The largest of the prints were the size of my head, and a few of them were still partially frozen over with ice.
Yeah, this is definitely where the attack happened. I thought as I looked for signs showing the passing of my father and the knights he had followed into danger. Eventually I found a set of six-foot prints that didn’t seem to fit with the flow of the others. They were also somewhat larger than the others, and once I recognized that, I was able to follow them without much issue.
Okay, they went off this way. I thought as I followed the prints south west from the road. I wasn’t too worried about being in danger. The wolves had more than likely kept other predators like bears, or whatever else lived in this area, away from their territory. The only thing I was likely to encounter at this point were scavengers bold enough to investigate the smell of blood.

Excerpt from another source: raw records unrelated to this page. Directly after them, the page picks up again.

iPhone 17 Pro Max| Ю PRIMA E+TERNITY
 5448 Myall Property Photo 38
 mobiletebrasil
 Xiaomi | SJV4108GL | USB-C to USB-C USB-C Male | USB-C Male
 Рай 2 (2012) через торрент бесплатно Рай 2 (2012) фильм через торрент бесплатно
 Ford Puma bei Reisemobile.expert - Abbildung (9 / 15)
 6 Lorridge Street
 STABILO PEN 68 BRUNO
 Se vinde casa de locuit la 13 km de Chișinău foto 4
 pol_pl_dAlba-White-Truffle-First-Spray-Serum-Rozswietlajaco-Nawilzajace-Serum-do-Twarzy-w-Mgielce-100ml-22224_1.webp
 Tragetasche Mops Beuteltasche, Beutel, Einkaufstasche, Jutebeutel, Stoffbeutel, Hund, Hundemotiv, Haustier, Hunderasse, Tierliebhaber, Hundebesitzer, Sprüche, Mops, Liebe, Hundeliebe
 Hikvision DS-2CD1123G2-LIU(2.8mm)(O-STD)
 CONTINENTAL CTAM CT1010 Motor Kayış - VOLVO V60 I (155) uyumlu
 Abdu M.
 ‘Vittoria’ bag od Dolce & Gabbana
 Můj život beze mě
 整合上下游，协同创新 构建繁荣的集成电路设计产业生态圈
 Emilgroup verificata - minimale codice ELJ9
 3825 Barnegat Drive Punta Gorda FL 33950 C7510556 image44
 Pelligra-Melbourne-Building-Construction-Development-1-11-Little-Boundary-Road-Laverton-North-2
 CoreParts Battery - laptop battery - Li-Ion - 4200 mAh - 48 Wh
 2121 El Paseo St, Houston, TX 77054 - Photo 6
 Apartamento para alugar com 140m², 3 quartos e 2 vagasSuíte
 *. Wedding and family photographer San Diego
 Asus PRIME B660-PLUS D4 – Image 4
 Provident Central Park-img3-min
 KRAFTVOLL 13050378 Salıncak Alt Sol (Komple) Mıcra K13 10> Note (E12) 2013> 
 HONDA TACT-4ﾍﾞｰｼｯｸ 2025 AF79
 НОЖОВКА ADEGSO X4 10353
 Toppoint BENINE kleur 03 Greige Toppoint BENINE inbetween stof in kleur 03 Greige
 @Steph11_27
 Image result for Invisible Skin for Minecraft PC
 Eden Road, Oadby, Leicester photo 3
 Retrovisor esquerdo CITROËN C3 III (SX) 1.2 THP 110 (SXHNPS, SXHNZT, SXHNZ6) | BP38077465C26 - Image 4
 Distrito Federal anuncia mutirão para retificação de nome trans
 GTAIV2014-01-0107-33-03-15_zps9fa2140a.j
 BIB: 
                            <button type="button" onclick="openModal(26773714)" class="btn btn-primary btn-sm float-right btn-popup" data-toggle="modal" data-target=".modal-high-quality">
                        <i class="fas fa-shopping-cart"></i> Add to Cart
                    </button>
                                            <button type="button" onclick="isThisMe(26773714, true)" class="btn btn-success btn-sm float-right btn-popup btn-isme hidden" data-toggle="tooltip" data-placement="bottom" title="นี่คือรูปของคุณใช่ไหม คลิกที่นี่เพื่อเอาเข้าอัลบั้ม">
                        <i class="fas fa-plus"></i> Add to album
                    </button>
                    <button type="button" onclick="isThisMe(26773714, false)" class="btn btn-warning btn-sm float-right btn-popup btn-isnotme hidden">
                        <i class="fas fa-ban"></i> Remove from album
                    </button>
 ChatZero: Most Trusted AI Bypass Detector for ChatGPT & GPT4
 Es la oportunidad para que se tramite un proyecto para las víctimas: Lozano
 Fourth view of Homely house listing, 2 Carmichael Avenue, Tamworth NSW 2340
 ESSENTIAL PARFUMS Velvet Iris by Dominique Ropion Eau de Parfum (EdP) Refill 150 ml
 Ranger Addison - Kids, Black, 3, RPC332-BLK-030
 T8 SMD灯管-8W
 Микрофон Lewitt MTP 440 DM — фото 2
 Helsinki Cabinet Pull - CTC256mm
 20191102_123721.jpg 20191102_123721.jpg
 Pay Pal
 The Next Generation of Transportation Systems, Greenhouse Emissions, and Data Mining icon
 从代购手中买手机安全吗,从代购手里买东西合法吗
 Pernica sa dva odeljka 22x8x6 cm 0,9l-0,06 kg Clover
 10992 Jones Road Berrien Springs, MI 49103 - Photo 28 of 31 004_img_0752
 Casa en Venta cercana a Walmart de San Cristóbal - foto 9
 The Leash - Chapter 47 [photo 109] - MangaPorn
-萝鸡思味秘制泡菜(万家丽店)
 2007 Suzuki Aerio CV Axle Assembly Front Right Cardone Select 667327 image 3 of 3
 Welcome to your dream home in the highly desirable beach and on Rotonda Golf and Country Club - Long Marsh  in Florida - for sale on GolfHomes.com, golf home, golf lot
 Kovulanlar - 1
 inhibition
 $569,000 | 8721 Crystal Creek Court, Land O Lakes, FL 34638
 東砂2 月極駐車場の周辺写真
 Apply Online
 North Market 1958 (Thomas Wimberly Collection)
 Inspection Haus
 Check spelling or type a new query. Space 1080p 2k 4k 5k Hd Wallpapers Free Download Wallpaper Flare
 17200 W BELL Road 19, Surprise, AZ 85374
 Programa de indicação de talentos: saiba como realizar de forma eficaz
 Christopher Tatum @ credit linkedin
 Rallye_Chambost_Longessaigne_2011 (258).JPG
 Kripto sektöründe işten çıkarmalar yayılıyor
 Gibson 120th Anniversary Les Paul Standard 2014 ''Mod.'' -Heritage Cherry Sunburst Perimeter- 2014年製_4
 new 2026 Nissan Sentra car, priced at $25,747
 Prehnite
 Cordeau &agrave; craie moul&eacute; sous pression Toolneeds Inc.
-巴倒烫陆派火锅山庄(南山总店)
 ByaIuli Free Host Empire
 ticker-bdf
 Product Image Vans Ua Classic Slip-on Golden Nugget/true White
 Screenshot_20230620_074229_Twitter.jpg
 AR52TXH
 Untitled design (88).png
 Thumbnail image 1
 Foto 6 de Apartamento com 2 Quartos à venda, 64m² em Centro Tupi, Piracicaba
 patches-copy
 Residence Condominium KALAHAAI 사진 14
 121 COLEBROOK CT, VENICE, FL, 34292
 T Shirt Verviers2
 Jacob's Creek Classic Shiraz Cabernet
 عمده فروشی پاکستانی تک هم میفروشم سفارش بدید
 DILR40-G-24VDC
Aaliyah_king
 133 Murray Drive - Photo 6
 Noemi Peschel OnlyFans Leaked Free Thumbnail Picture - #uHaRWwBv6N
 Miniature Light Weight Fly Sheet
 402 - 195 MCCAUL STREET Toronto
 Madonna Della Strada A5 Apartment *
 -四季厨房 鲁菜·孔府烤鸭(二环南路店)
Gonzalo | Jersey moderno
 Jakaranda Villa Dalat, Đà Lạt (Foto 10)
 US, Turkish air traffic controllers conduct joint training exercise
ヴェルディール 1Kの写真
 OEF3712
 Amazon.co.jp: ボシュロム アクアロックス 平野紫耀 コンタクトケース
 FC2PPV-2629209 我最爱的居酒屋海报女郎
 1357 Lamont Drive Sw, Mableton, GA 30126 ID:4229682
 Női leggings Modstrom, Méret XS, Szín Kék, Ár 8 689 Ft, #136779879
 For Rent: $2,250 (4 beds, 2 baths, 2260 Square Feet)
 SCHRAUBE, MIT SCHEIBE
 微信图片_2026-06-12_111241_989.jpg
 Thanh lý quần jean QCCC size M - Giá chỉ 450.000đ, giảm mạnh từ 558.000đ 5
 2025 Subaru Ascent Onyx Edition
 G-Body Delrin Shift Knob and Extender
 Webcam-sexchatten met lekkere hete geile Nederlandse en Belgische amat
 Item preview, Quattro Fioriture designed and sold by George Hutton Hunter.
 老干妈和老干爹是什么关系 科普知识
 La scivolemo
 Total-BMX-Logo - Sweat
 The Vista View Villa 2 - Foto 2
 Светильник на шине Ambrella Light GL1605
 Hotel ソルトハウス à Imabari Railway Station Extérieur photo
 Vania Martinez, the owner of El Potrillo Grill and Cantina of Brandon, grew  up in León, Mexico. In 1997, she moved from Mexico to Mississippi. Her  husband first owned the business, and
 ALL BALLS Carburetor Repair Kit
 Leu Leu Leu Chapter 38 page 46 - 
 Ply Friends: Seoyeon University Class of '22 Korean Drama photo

I imagined skittish coyotes and carrion birds. Now, give it a few days, and I’ll be in trouble. Other predators would move in, hoping to snag the prime real estate the pack had kept for themselves. Perhaps carving it up between several dangerous creatures that were smart enough not to attack caravans or get close to people.
Unless those people invaded their dens, I thought as I fought to keep my heart from racing. There was, of course, always the possibility that the knights, and my father, missed some of the pack.
But I’d catch signs of them before I got there, I told myself. A sound, or a smell, that would tip me off. I was sure of it.
My hand still rested on my ax every time I heard a twig snap or a bird caw. This was dangerous, no matter what I told myself. But if there was even a chance at a core, or useful materials that I could harvest that would help me accomplish my goal of protecting my sister, it’d be worth it.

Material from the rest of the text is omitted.